Mes bougies trempées d'huile n'allument que de temps en temps. Lorsque vous ouvrez la manette des gaz, le pot d'échappement émet d'impressionnantes  explosions et la mécanique  secoue l'aéroplane aussi fortement qu'un bouledogue vous disputant une pantoufle!
   Il me faut pourtant stoïquement continuer à tourner "plein tube" si je veux décrasser... Tandis qu'à deux reprises, passant très bas, la machine de mon équipier projette sur nous une ombre impatiente, mon compte tours bât le rappel de ses effectifs... Quand, une fraction de secondes, son aiguille réussit à dépasser la graduation "1600", je ne veux pas savoir si c'est à cause des secousses. je ne désire plus que bondir, d'où je suis, sans réduire et sans perdre un mètre de terrain disponible.
   Raides comme des piquets, penchés dans leur épaulée contre l'aile, les Maures ont les yeux fixés sur moi... Le sort en est jeté! Rien ne pourrait plus me retenir! je m'assure bien que j'ai mis tous les gaz, puis,  avec résolution, je rabats subitement mes deux bras dans le vent; les indigènes se jettent aussitôt à plat ventre.
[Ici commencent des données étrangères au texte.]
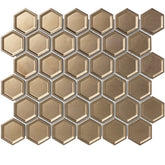The Mosaic Factory Barcelona Mosaic Tile Hexagon - Bronze Porcelain Glazed 281x325 mm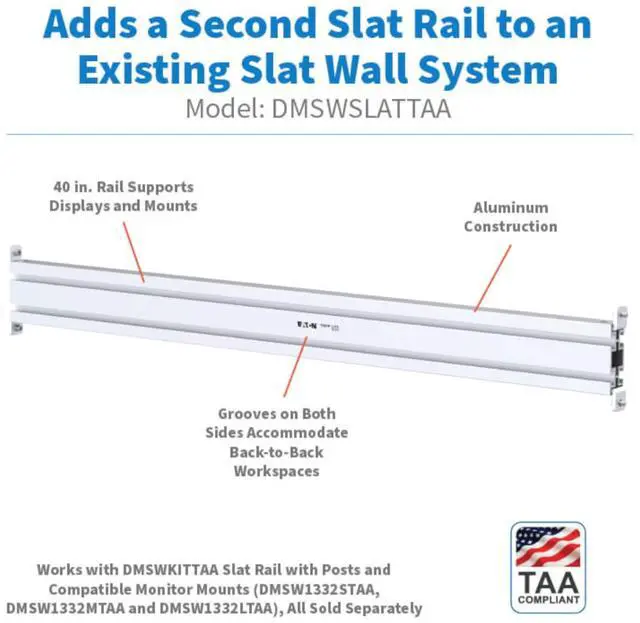Alt view image 2 of 7 - Tripp Lite series 40" Slat Rail for Slat Wall System, TAA Compliant (DMSWSLATTAA)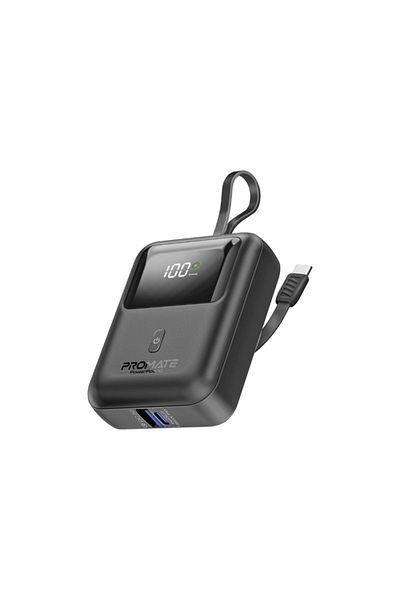 Promate Ultra-Compact Super Fast™ 35W 10000mAh Power Bank - Black - PowerPod-10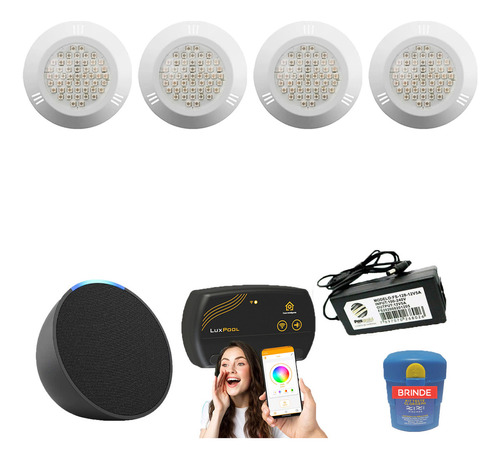 Kit Led Piscina 80m² - 4 Leds 9w + Smart Lux + Alexa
   ... Encore une chose triste, dans ces moments là, que de rester immobile parce que les vibrations vous ont enfoncé les roues dans le sable!
   Je suis moralement parti, mais matériellement, il me faut réduire, redescendre, courir après mon serre-tête qui s'envole, constater le bris de mes lunettes contre les rochers, et tout cela, sans trouver de jurons assez effroyables pour me soulager.
   Les Maures n'avaient d'ailleurs pas besoin de mes directives. Agenouillés près du disque menaçant de l'hélice, ils creusent devant les pneus comme des fox-terriers. Au bout de cinq minutes, j'ai deux tranchés en pente devant mes roues et emballant le moteur sans plus m'attarder à des essais de décrassage, je me débarrasse à l'allure  d'une tortue de mes premiers centimètres... Pourtant mes aides poussent aux ailes avec ardeur  et je me sens enfin libéré.
   Au premier tiers du terrain, mon indicateur de vitesse, s'il fonctionnait, ne dépasserait certainement pas trente à l'heure. Réussirais-je ou non ?... Comme en signe de furieuse négations, mon moteur secoue violemment le pot d'échappement dressé en corne de rhinocéros au-dessus de son capot.
   Mais le vent commence à agir sur les gouvernes, et mon appareil devient plus maniable. Je m'applique à lui maintenir les roues là où le sable mouillé est le plus roulant.
   Je ne suis soudain plus qu'à deux cents mètres à peine, du bout de la plage, mais je ne puis qu'attendre passivement, en fermant les oreilles aux détonations de l'échappement. En même temps que je serre les dents parce que je ne vais pas assez vite, je serre tout ce que je peux, parce que l'extrême limite du sable arrive trop rapidement. Tout ceci, tandis que grandit une angoisse sous-jacente, nourrie des craintes de perdre le courrier, l'estime du patron et ma situation...
   Je n'ai pourtant plus qu'à tirer sur le manche car, en coup de faux, une nappe de stupides vagues guillerettes se précipitent sur mon train d'atterrissage!... au dessous de lui, plutôt, car je vole! Je me retrouve, d'un seul coup, dérapant dans le bleu, en équilibre vertigineusement précaire... L'affolant c'est que j'ignore si je m'enfonce. Les éructions du moteur me suspendent la respiration comme des coups à l'estomac; c'est d'autant plus inconfortable que, depuis le départ, j'économisais déjà mes poumons comme s'ils privaient les carburateurs d'oxygène.
   Je m'éloigne cependant vers le large sans oser la moindre manoeuvre, tant mon avion parait lourd. Je suis certainement toujours à moins de deux mètres des flots, et il me semble même que cet intervalle diminue; je n'ai pas l'impression que le temps travaille pour moi... Puis je reprend espoir car le tintamarre du moteur vient d'être traversé d'une brève accalmie.. Enfin je constate que la surface de la mer est moins proche, et j'ose entamer un virage à plat.
   Me dominant d'une cinquantaine de mètres, le Breguet de Marcel ne me lâche pas."